Stored data =
BEGIN

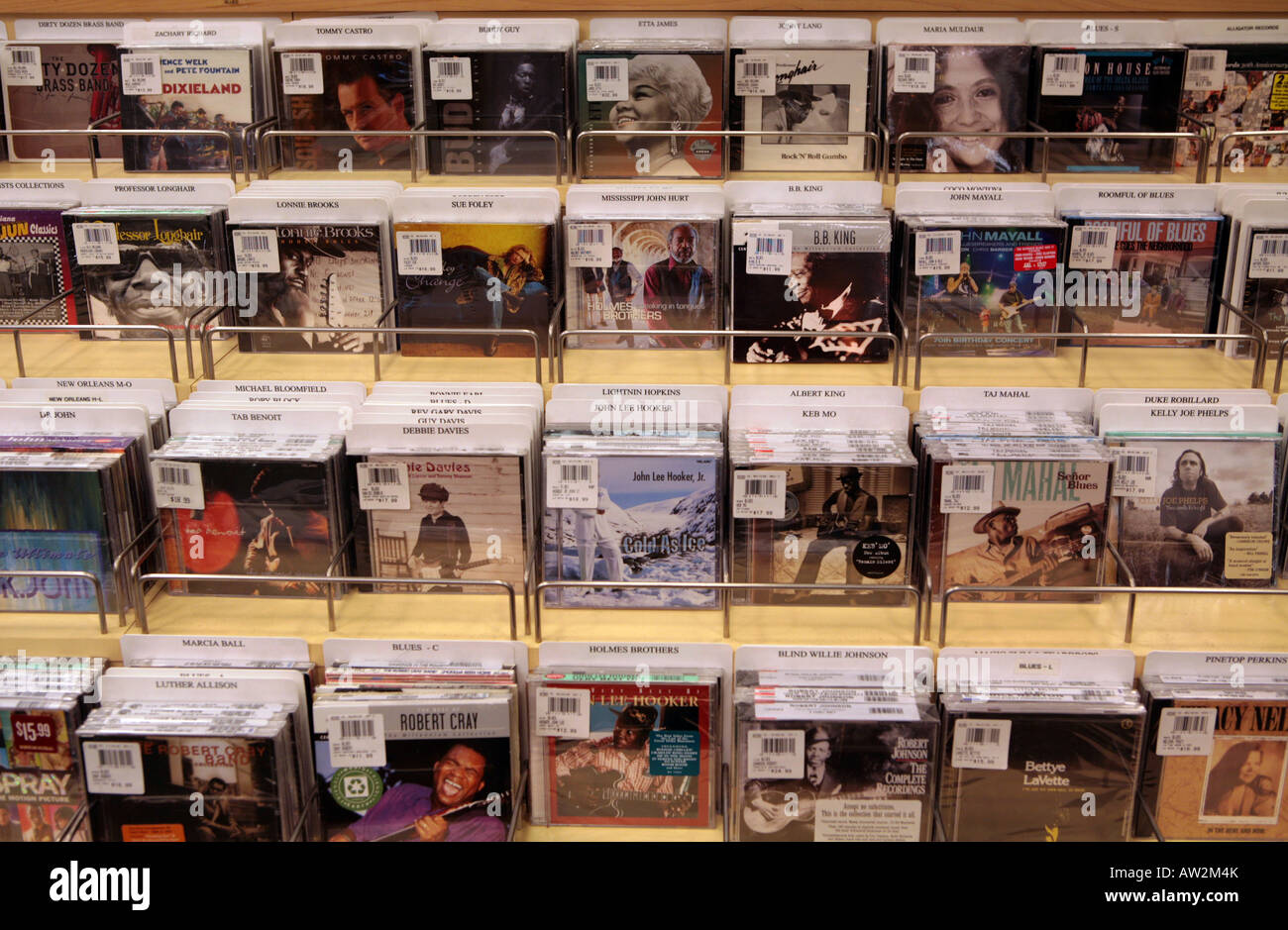 Rows of music CDs for sale Stock Photo - Alamy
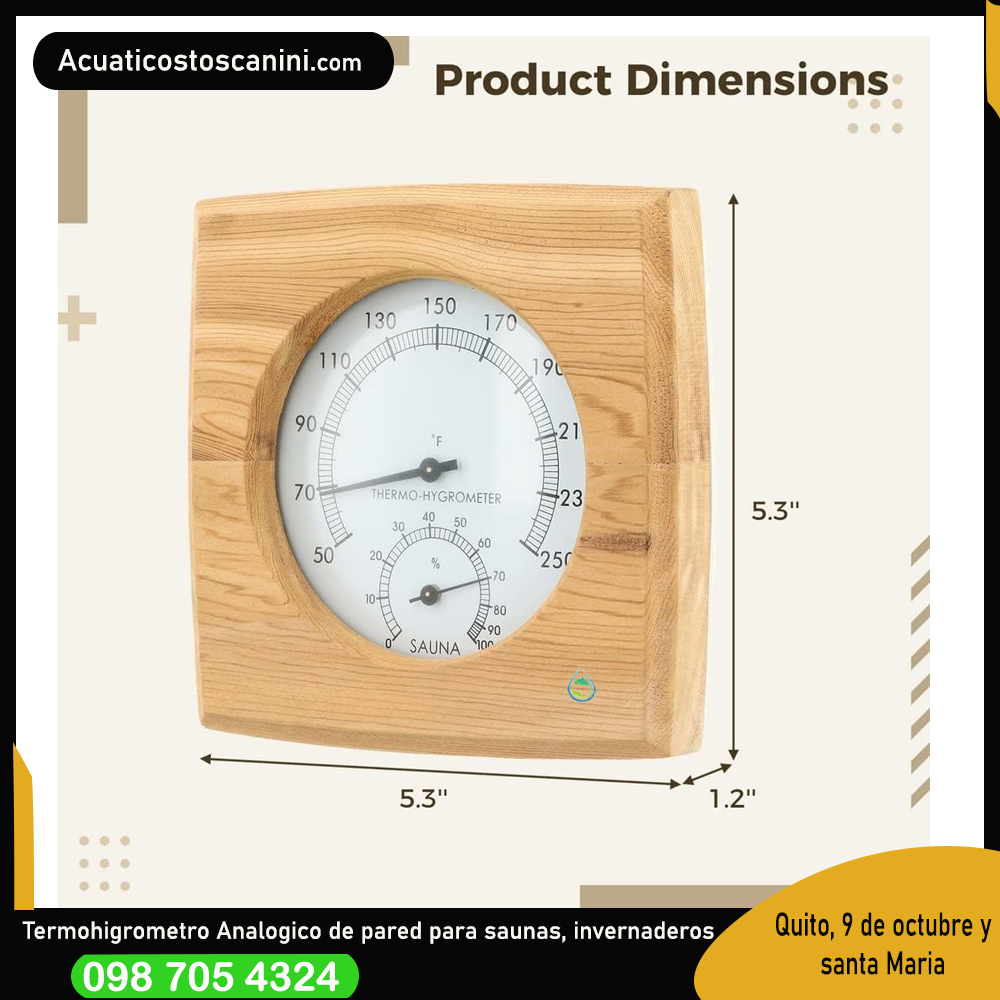 Termohigrómetro De Madera Analógico para Sauna  temperaturas altas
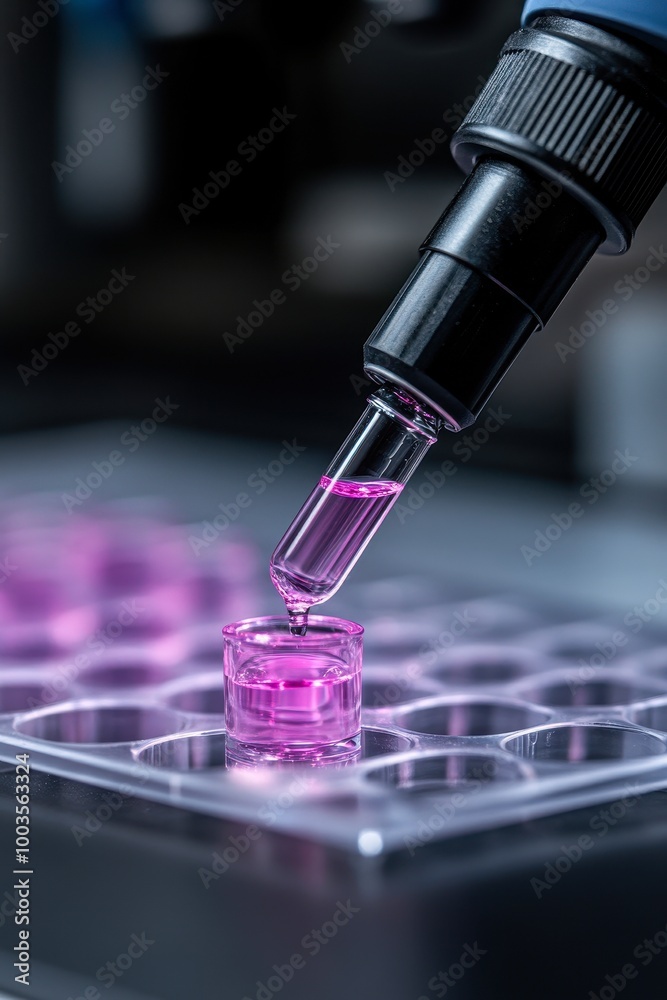 A close-up image of a pipette dispensing pink liquid into a clear container on a laboratory plate, ideal for use in scientific publications, educational materials, and research-related projects, A close-up image of a pipette dispensing pink liquid into a clear container on a laboratory plate, ideal for use in scientific publications, educational materials, and research-related projects,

END

Problem description =
Copy out the material above in full and exactly; its pictures are not to appear.

Output for this task =
 Rows of music CDs for sale Stock Photo - Alamy
 Termohigrómetro De Madera Analógico para Sauna  temperaturas altas
 A close-up image of a pipette dispensing pink liquid into a clear container on a laboratory plate, ideal for use in scientific publications, educational materials, and research-related projects, A close-up image of a pipette dispensing pink liquid into a clear container on a laboratory plate, ideal for use in scientific publications, educational materials, and research-related projects,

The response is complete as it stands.